From competing with cheap rip-offs to dealing with vagaries of the market, the battle for financial stability of the thousands of xipinis (or weavers) of Assam’s Sualkuchi weaving village has been a long and ongoing one. In June, when the government announced that its products would finally get an official trademark, it was a move welcomed by all, one that could potentially end the rampant circulations of fakes in the market. Just a few days back, the government announced another initiative for the weavers: a silk yarn ‘bank’, inaugurated in a ceremony by the Chief Minister Sarbananda Sonowal on September 14.
The ‘bank’ will function as a godown for stocking different kinds of thread. It will also double up as an office. “The government will provide subsidised mulberry yarn to weavers who can come collect it from here,” says Mukul Deka of Assam Apex Weavers & Artisans Co-operatve Federation Ltd. (ARTFED), under the Handlooms, Textile and Sericulture Department.
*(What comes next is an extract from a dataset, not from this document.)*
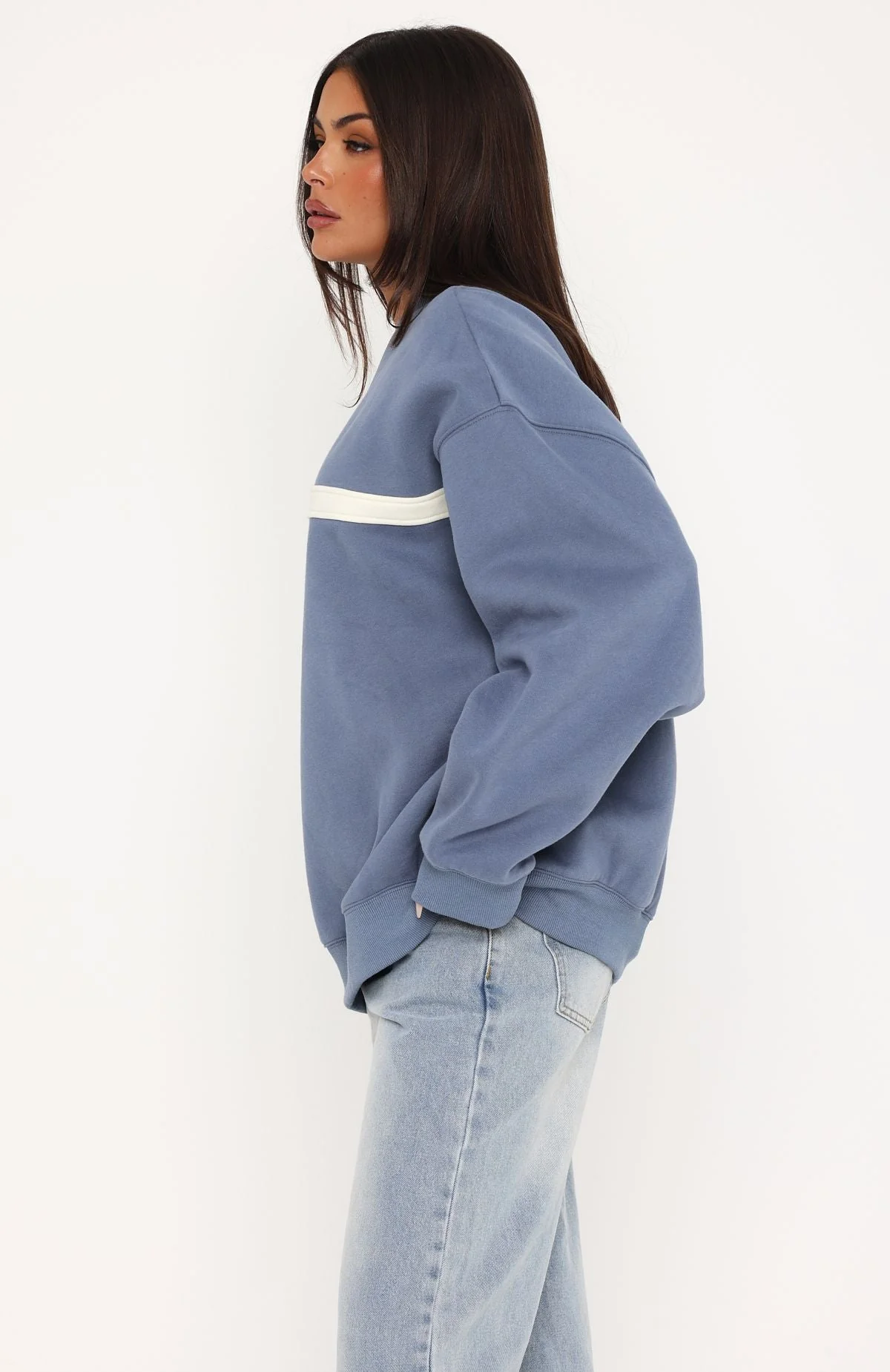 Take Another Chance Oversized Drop Shoulder Sweater Ocean - Image 4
In the 2017-18 state budget, 20 crore has been sanctioned for Sualkuchi. It was then that it was decided that a yarn depot would be established. Following that a survey was done to identify the number of looms, quantity of production etc in the village. “This helped us to decide how our subsidies would be implemented,” says Deka. According to the new initiative, the government has identified 3,281 weavers with 7,000 looms who will get mulberry yarn at a 20 per cent subsidy. “This scheme is valid for people who own between 1 to 5 looms,” says Deka, “For a person with one loom, 1.5kg yarn will be subsidised per month. Likewise, for a person with 2 looms, 3kg will be subsidized, and so on, ” says Deka.
Sualkuchi Tant Silpa Unnayan Samiti — the organisation that rallied for the official trademark — has been long demanding subsidies for yarn. “Mulberry silk comes to Assam from China through Bengaluru. Sometimes it would be cheap, and sometimes expensive,” says Hiralal Kalita of the Sualkuchi Tant Silpa Unnayan Samiti. “The new scheme, we hope, will do away with this kind of uncertainty.”
Another important development part of the initiative are “passbooks” fashioned on bank passbooks to be given to each weaver. “It will be like a ration card — and double up as an identity card as well as a book to record all purchases and transactions with the yarn bank,” says Deka. Following the inauguration, 70 per cent of the passbooks have already been issued. “We are also getting teachers from the National Institute of Design and National Institute of Fashion Technology to teach our master craftsmen new designs,” says Deka.
The initiative has been implemented in three out of the eight gaon panchayats in Sualkuchi. There are about 11,600 looms in the entire village but production keeps fluctuating. “A main issue is electricity. Since this is an industry that runs entirely out of people’s home, ideally uninterrupted electricity through the day would be of great help and lead to better productivity,” says Kalita, adding tha Sualkuchi is a great avenue of employment to the people of Assam — “In fact many of our weavers comes from outside Sualkuchi. From the Bodo tribe, Karbi tribe etc.”
“While we welcome this move, we sincerely hope the yarn they provide us is of good quality. If it isn’t, there is no point. Our weavers will refuse to use it,” says Kalita.